- _Assignment_:
Copy nothing but the lines below, from the one with "Mappa Consorzio Imprese Arburesi Organizzate" through the one with "Lake Russell Retreat", exactly as written; no pictures should appear.

- _Extracted entries_:
--- --- ---

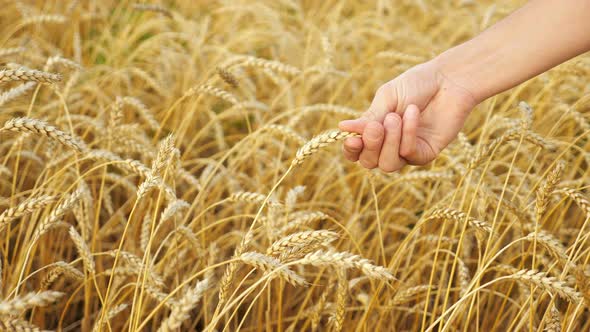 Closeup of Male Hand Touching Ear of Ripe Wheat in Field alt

--- --- ---

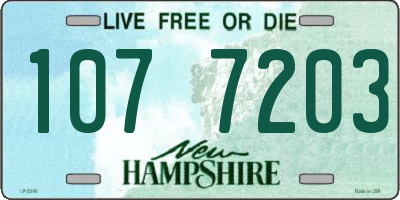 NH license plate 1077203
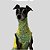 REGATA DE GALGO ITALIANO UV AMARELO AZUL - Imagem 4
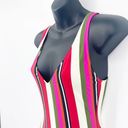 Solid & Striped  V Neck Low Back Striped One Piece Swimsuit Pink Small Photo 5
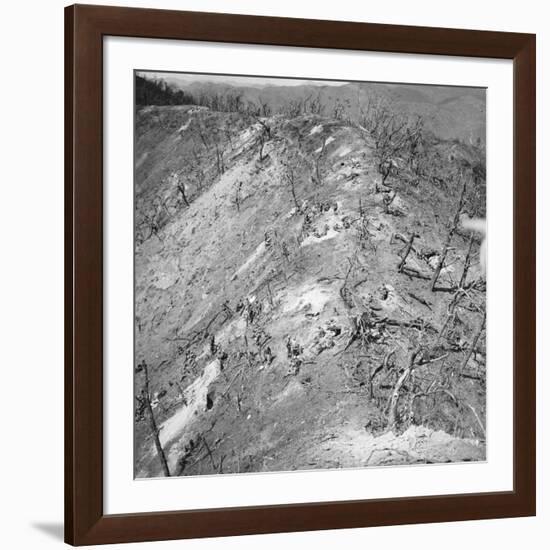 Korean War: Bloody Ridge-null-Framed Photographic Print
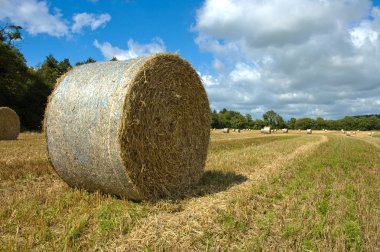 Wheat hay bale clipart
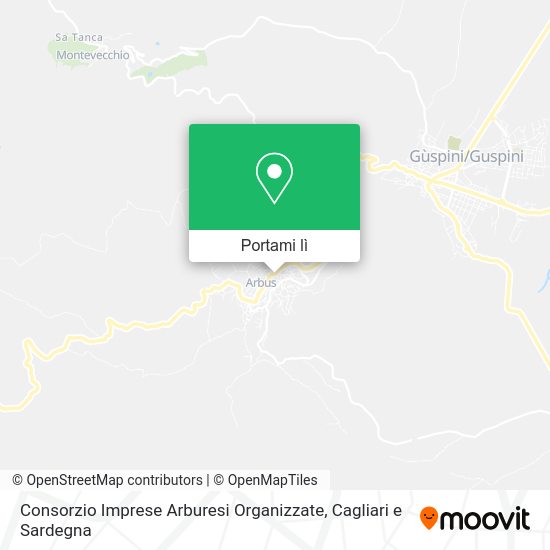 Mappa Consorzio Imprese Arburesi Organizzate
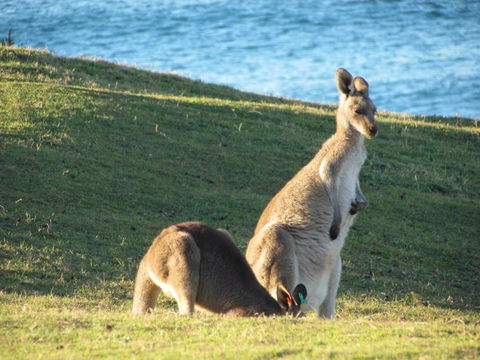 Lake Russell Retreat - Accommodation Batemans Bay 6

--- --- ---

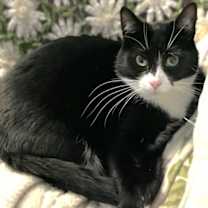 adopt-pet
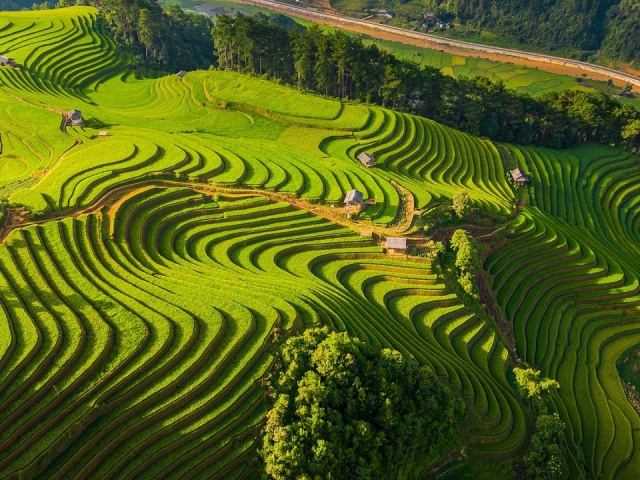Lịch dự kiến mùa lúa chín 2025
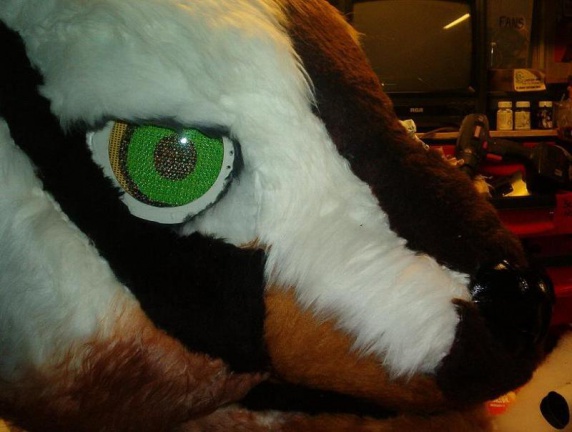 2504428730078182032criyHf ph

--- --- ---

- _Expected answer_:
 Mappa Consorzio Imprese Arburesi Organizzate
 Lake Russell Retreat - Accommodation Batemans Bay 6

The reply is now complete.